Imagine a college where no one talks to each other. The halls are dead silent, as students are caught up in their own world while they wait for class. Everyone just goes to  class, and then goes home, not bothering to interact with  fellow students and teachers.

This environment is a result of a commuter culture mentality.

What is commuter culture?

In short, commuter culture is when a person just goes to class and then leaves campus immediately after.

There is no staying after class and chatting with the teacher, no hanging around campus to run into people.

“They just really have this…‘don’t talk to me’ vibe,” said Adam Kaminsky, a Communication Studies assistant professor at College of the Canyons.

Community colleges, such as COC, are places where this mentality has the opportunity to manifest.

“We save a lot of money in community college, which is one of the biggest benefits to going to a community college, but the problem is there’s this culture where…people are not ok with making friends even (though) they’re just as vulnerable,” Kaminsky explained. “Students just don’t connect because they commute in and commute out.”

This can take a toll on both a student’s education and health, according to the professor.

He should know; he experienced this mentality himself when he was a student at COC.

“When I was doing that 22-minute drive, I lost motivation,” Kaminsky said. “So my first year here, I didn’t do very well because I honestly didn’t come to class as often as I should, and I really didn’t enjoy being here.”

What helped him to regain his motivation was getting involved on campus.

“Before I got involved, I was crazy lonely, my grades suffered. Once I started getting involved, my grades improved and I started meeting people,” Kaminsky explained.

One easy way to become more invested in the college community is to join clubs on campus, according to Chase Longan, a longtime COC student and a former officer of the Associated Student Government.

“Joining organizations where you can meet other people…gives you a reason to stay on campus,” said Longan.

He added that it also helps students with prioritizing time and form connections, building networks they can utilize to succeed.

Members of Sigma Chi Eta, the honors program within the Communication Studies Club for which Kaminsky is the advisor, decided to showcase an interactive wall to help people combat the commuter culture mentality.
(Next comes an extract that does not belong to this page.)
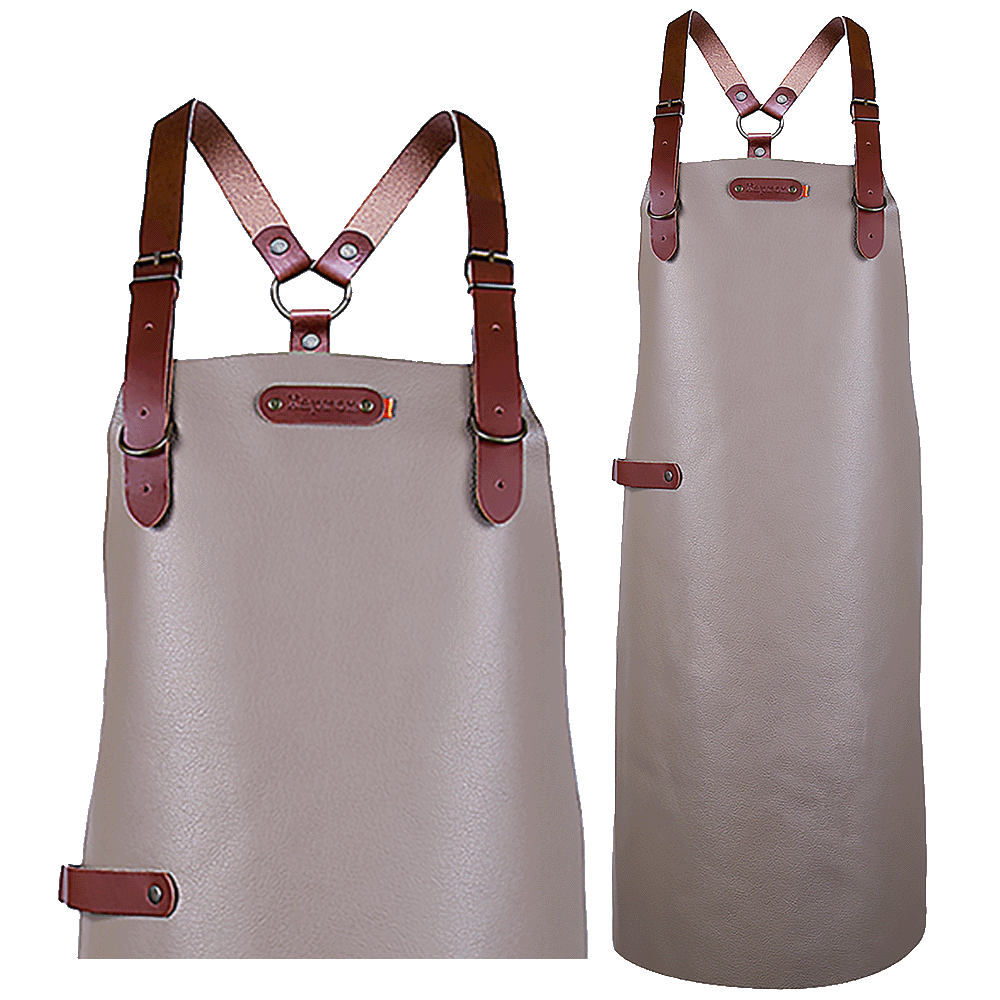 Bovine Leather long apron schort incl. shoulderstraps- 82/60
Note cards posted to the Wall to Improve Commuter Culture

The wall included different resources the college offered, such as The Learning Center, library, clubs, counseling, and others.
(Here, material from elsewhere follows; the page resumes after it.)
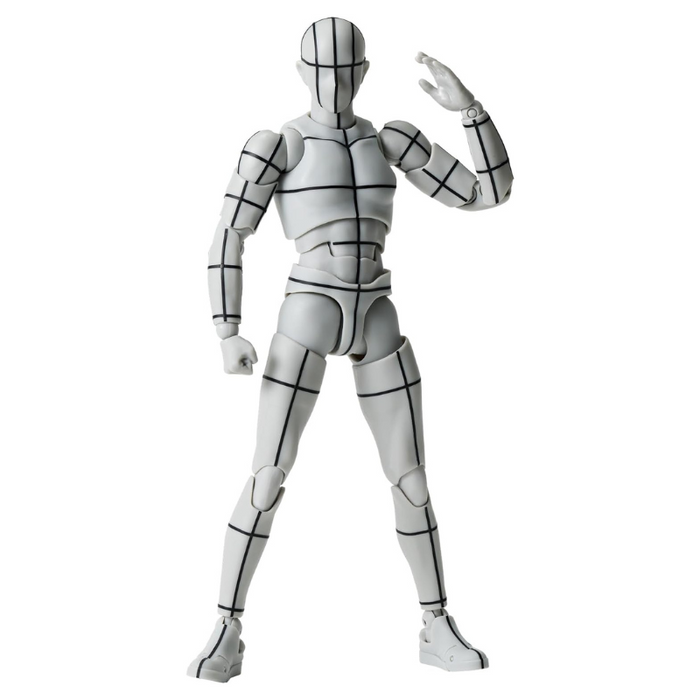 Gray Sports Edition Wire Frame Grid Lined Artist Drawing Figure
Students could post a note card on the wall with their reasons why they utilize that particular resource, interacting with each other in the process.
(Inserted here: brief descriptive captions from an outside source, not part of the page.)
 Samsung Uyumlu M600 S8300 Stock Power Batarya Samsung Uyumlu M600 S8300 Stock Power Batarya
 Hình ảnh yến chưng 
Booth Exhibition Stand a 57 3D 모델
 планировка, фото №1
Upbeat music in the background further contributed to the positive and welcoming environment that Sigma members were trying to create.

“The wall was really just a chance for us to get out there and not just talk about it behind closed doors in our meetings, but really to try to go out there and find the students who are walking around potentially feeling lonely and see if we find a way to help them focus on the fact that you don’t need to be stuck in the commuter culture,” said Kaminsky.

“It’s a choice, and as soon as you start getting involved, you can find like-minded people, people you want to be friends with, and that, again, (the) majority of the time, leads to more success, because they have more fun while they are on campus.”

But students do not have to participate in an event to overcome commuter culture.

They themselves can start making a difference by learning people’s names, even though it may seem uncomfortable at first.

“If you work on your interpersonal skills and learn to approach people,” Kaminsky explained, “you’ll find people who want to do better, who want to connect and who want to basically feel like they have a family on campus.”